Finalement, il reste le problème du réseau de distribution illustré par les incidents récents, dont la panne du 4 novembre 2006 qui a privé d’électricité 15 millions d’européens. Même si une commission d’enquête internationale (www.sauvonsleclimat.org et www.cre.fr) n’a pas pointé explicitement la responsabilité de l’énergie éolienne, il ressort que d’une part, 60% de la production éolienne s’est volatilisée, en quelques secondes, de l’Allemagne vers le Portugal, l’Autriche et l’Espagne, ce qui a aggravé la situation de la partie ouest de l’Europe qui s’était retrouvée en sous-production par la coupure volontaire d’une ligne 400 kV enjambant la rivière Ems, et d’autre part, dans la zone Nord-Est de l’Europe, les re-connexions automatiques d’éoliennes qui s’étaient détachées du réseau contribuèrent à la détérioration des conditions du système de cette zone, ce qui compliqua le processus de restauration des conditions normales. De là, certains n’hésitent pas à prévoir que si l’EU-15 construisait les 55 GW éoliens prévus par Bruxelles, elle s’acheminerait vers des black-out hebdomadaires.

Sur Terre, 1,5 milliard d’habitants n’ont pas d’électricité. Pour ceux parmi eux qui ne peuvent disposer de barrage, ou encore où le manque de culture de sûreté interdit le nucléaire, l’éolien est un progrès, de l’électricité de temps en temps valant mieux que rien du tout.

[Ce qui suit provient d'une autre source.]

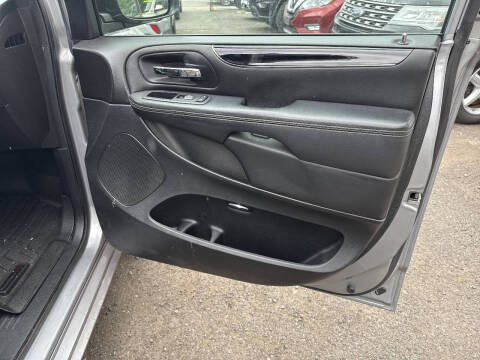 2017 Dodge Grand Caravan SXT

Pourquoi les pays où l’électricité de base n’est pas polluante et le nucléaire est accompagné d’une excellente sûreté (comme la Belgique) ne leur offriraient-ils pas les éoliennes qu’ils veulent implanter chez eux envers et contre tout ? Ceci serait un bon exemple d’application du mécanisme de développement propre proposé par le Protocole de Kyoto.

A. BERGER, Institut d’Astronomie et de Géophysique G. Lemaître, Université catholique de Louvain LLN, le 28 janvier 2007

[1] Ces proportions restent sensiblement les mêmes si on considère l’ensemble des gaz à effet de serre et/ou les valeurs de 2004, les dernières officiellement publiées.